Making Sourdough Bread

Many months ago I started a whole wheat sourdough starter. I was inspired to start a healthy starter after experiencing the Amish Cinnamon Bread starter! There were so many things I didn't like about that starter, from having to mush it and store it in zip lock bags (thinking the plastic of the bag was seeping into the dough), to using white flour and lots of sugar, then in the final recipe, using a large box of instant pudding! Also after adding to it, you were told to measure out and give away three bags to friends! This was clearly not the recipe for me! Besides being a very sweet and a (not too healthy) dessert bread, you also had to have lots and lots of friends! So, well...I'm not very social and I'm trying to cut down on my sugar consumption.

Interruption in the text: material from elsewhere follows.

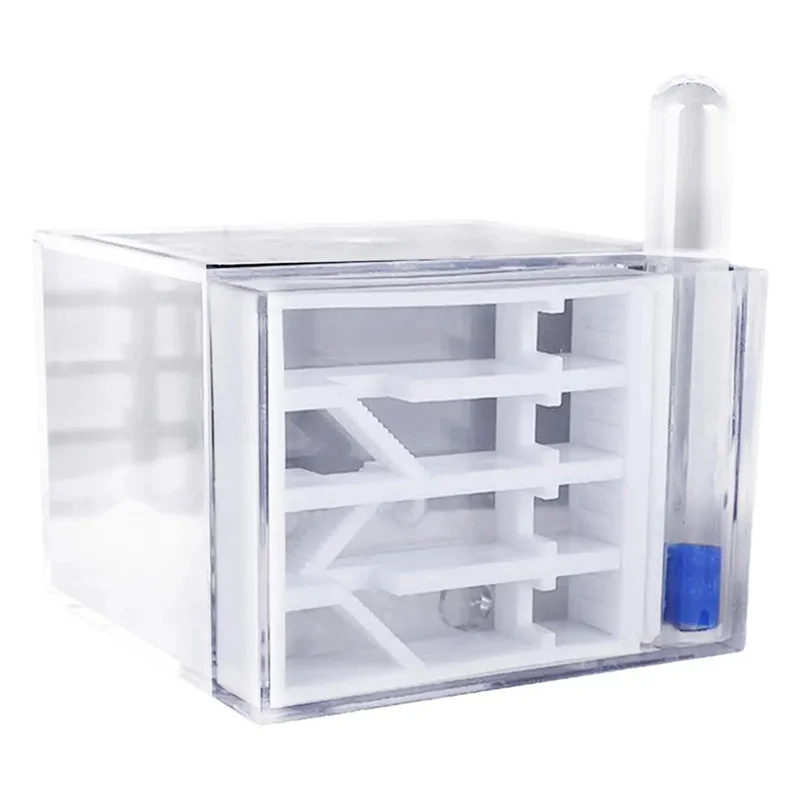 A25F-Nido de hormiga Colonia Nido de hormiga Caja de cría Ciencia Educativa Habitat de hormiga para niños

I found a very helpful page on line, called Sourdough Baking by John Ross. If you're interested, click on the link--he has all the directions and even a basic recipe for the bread. I've been making a loaf every week for about six months. I've kept the starter a whole wheat starter, but I sometimes mix a cup of unbleached flour into the final bread recipe.
This jar of starter is ready to be used--it does have a liquid layer of what is called hooch, at the top--this is to be expected and you just stir it in.

After adding one cup of warm water and one cup of ww flour, you set aside in a warm spot to create the sponge. The mixture looks frothy and foamy.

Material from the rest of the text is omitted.